■ **Task to carry out**
Word for word, restate the records from their first line through the line with "2019-2020年高三生物一轮复习 能量之源 光与光合作用试题.doc_第3页", both ends included; omit each picture.

[Image-text web data]

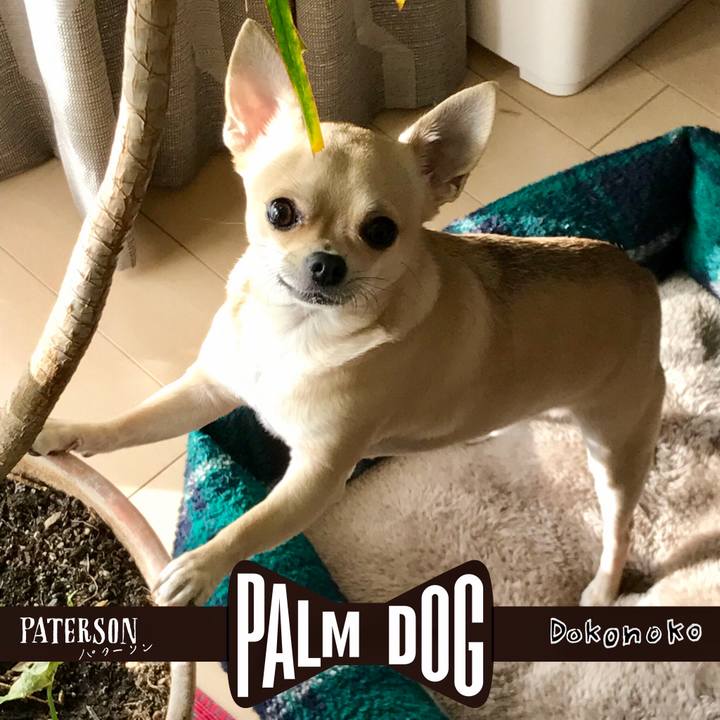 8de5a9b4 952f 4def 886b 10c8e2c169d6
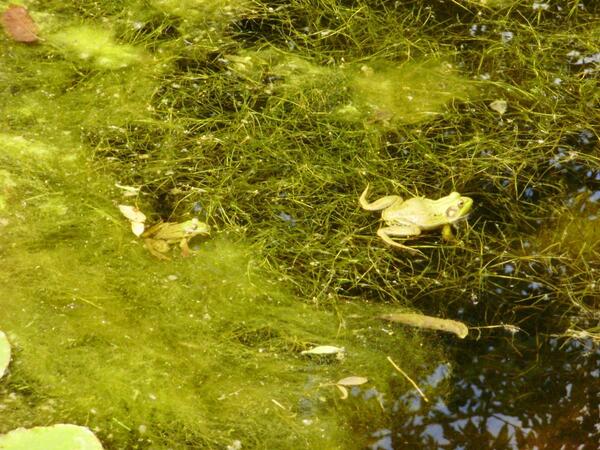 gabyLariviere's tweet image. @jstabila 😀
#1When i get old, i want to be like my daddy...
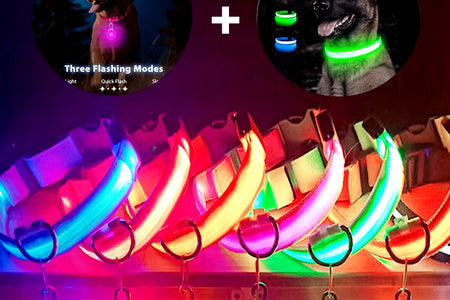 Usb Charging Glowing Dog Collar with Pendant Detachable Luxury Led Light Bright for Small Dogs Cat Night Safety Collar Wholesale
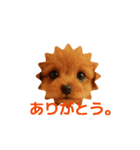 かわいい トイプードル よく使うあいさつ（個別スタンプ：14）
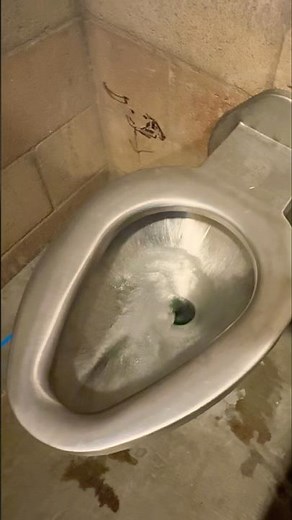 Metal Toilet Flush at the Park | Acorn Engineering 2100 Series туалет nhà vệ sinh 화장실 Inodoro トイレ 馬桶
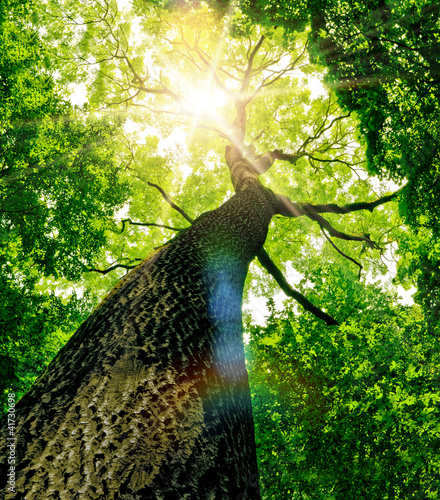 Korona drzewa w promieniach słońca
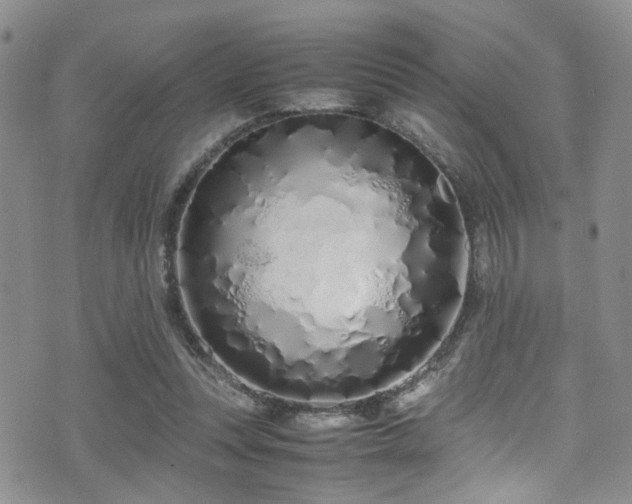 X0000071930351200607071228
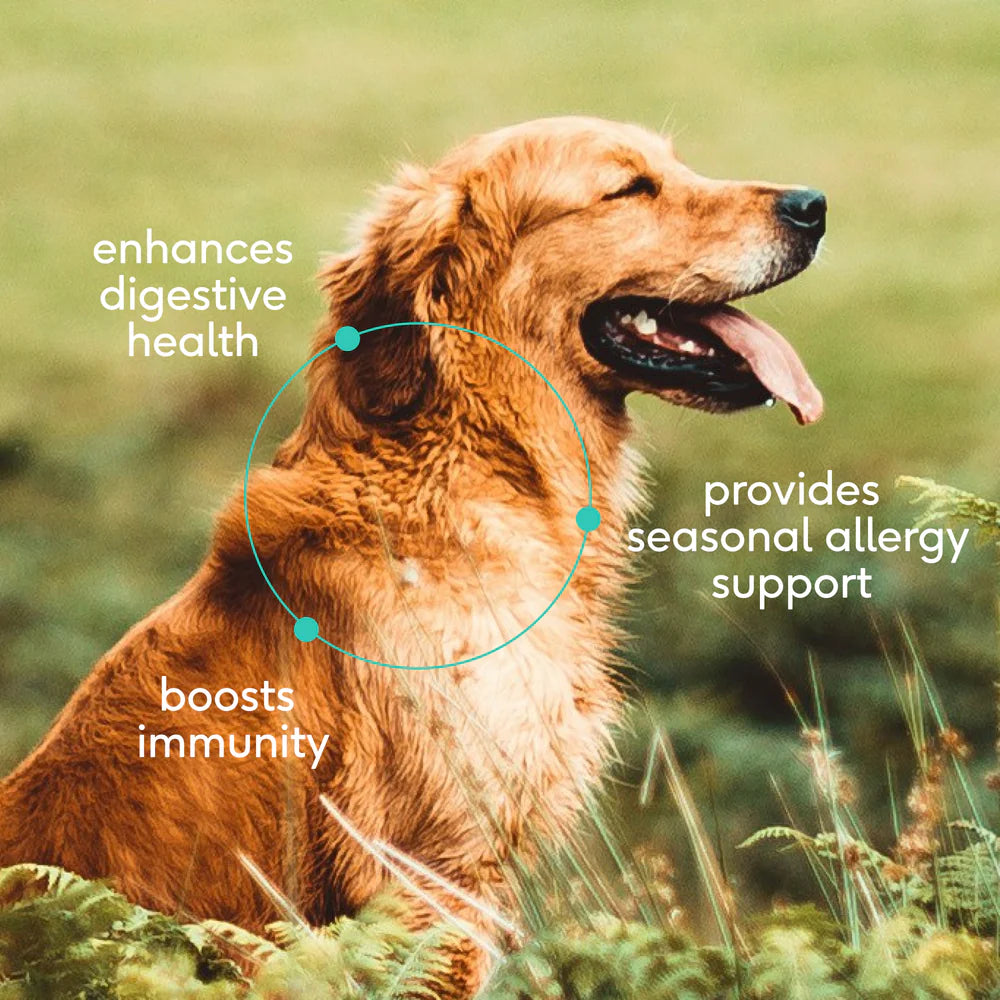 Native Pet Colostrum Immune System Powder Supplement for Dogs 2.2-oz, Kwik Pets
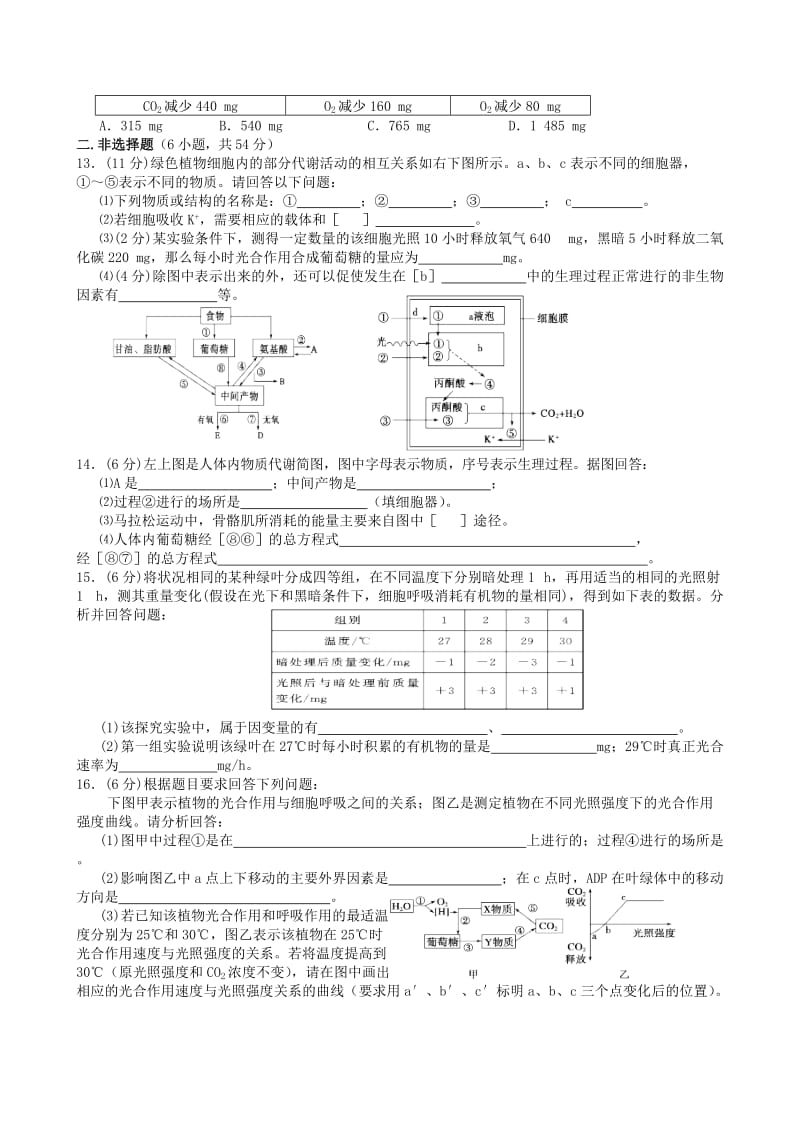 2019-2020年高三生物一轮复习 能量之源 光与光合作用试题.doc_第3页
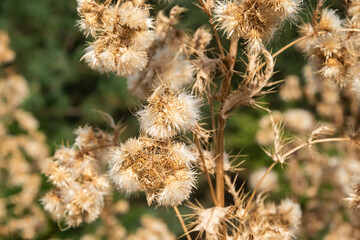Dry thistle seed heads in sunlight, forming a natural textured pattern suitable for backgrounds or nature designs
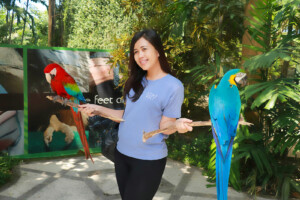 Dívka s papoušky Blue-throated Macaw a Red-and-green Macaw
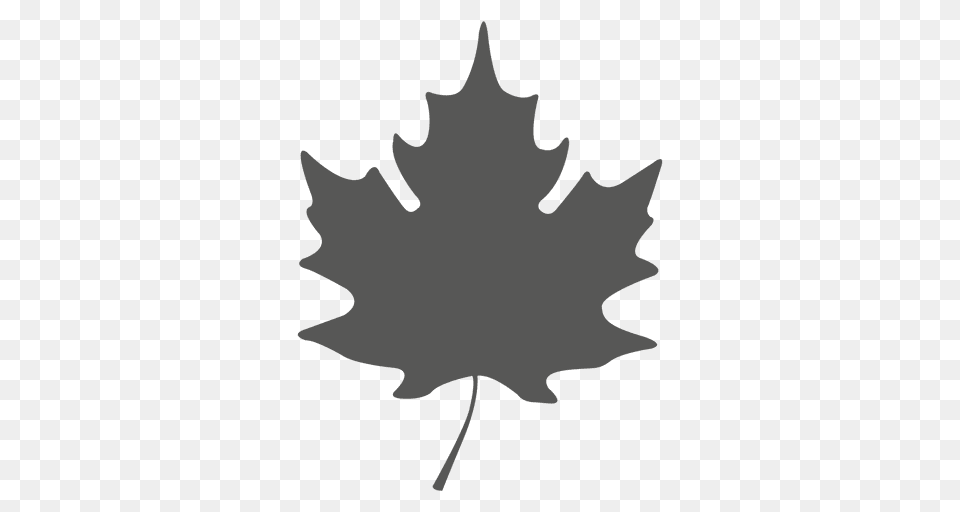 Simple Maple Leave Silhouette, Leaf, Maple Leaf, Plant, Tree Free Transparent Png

■ **Written answer**
 8de5a9b4 952f 4def 886b 10c8e2c169d6
 gabyLariviere's tweet image. @jstabila 😀
#1When i get old, i want to be like my daddy...
 Usb Charging Glowing Dog Collar with Pendant Detachable Luxury Led Light Bright for Small Dogs Cat Night Safety Collar Wholesale
 かわいい トイプードル よく使うあいさつ（個別スタンプ：14）
 Metal Toilet Flush at the Park | Acorn Engineering 2100 Series туалет nhà vệ sinh 화장실 Inodoro トイレ 馬桶
 Korona drzewa w promieniach słońca
 X0000071930351200607071228
 Native Pet Colostrum Immune System Powder Supplement for Dogs 2.2-oz, Kwik Pets
 2019-2020年高三生物一轮复习 能量之源 光与光合作用试题.doc_第3页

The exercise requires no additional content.